= Driver License Agreement =

In the United States, the Driver License Agreement (DLA) is an interstate compact written by the Joint Executive Board of the Driver License Compact (DLC) and the Non-Resident Violator Compact (NRVC) with staff support provided by the American Association of Motor Vehicle Administrators (AAMVA). The DLA requires all states to honor licenses issued by other member states, report traffic convictions to the licensing state, prohibit a member state from confiscating an out-of-state driver's license or jailing an out-of-state driver for a minor violation, and maintain a complete driver's history, including withdrawals and traffic convictions, including those committed in non-DLA states.

When a DLA member state receives a report concerning its drivers from a non-DLA member state, the member state will be required to treat the report the same as if it came from a member state. As with the previous compacts, the DLA requires a state to post all out-of-state traffic convictions to the driver's record and to apply its own laws to all out-of-state convictions. As with the previous compacts, the DLA allows other jurisdictions to access motor vehicle records in accordance with the Drivers' Privacy Protection Act (DPPA) and to transfer the driver's history when the driver transfers their license.

The DLA has some changes from the NRVC. Unlike the NRVC, under the DLA, an adverse action can be taken against a driver for failing to respond to violations, including equipment, registration, parking, and weight limit violations. Other changes from the NRVC are that, to keep their license, drivers just had to respond to the citation by paying the fine. Under the DLA, the driver must comply with any order from an out-of-state court. An example would be a driver from Arizona getting cited for tinted windows while traveling through Virginia, even though the tinted windows are legal in Arizona. The driver is ordered to fix the tint to comply with Virginia law, even though the driver has left Virginia. Under the NRVC, to retain said license, the driver pays the fine. Still, with DLA, the driver must do what the court says, including paying a fine, fixing vehicle equipment, and/or performing community service.

==History==

Work on the Driver License Agreement began in 1994/1995 by the Driver License Compact and the Non-Resident Violator Compact Joint Executive Board, with the intent of combining and improving the compacts and making them enforceable, possibly with federal grant funding. Around the same time, Congress passed the North American Free Trade Agreement (NAFTA), and the Joint Executive Board decided jurisdictions in Mexico and Canada could join.
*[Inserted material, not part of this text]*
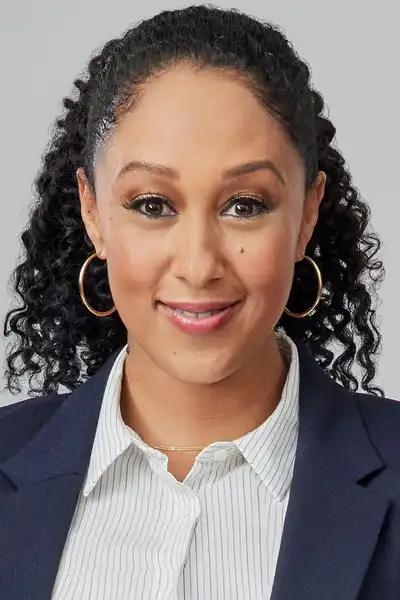 Tamera Mowry-Housley headshot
The federal government, through appropriations in Congress, funded the Joint Executive Board in writing the new Driver License Agreement. In 2000, the agreement was ratified by the U.S. states, with 2 states voting against. After the September 11 attacks in 2001, the Joint Executive Board strengthened driver license security provisions in the DLA, and the revised DLA was again ratified by the U.S. states, with some votes against. The information on who voted against the DLA is considered confidential and proprietary information by the AAMVA.

Connecticut was the first state to join in January 2002.

==States that are members==

- Connecticut
- Arkansas – can join under administrative rulemaking under Act 446 as passed by the 2005 Legislative Session
- Massachusetts

==Notes==
- The Driver License Agreement document (PDF)
- Real ID Act of 2005

==Legislation and other==
- Legislation in the past has been sponsored in Kentucky, Michigan, Minnesota, and North Carolina to join
- There has been legislation in the past, introduced in the U.S. Congress, to mandate that states must participate. Such legislation included HR10 - 9/11 Implementation Act of 2004 and HR418 - The Real ID Act of 2005 but the mandate has not made it into the final bills.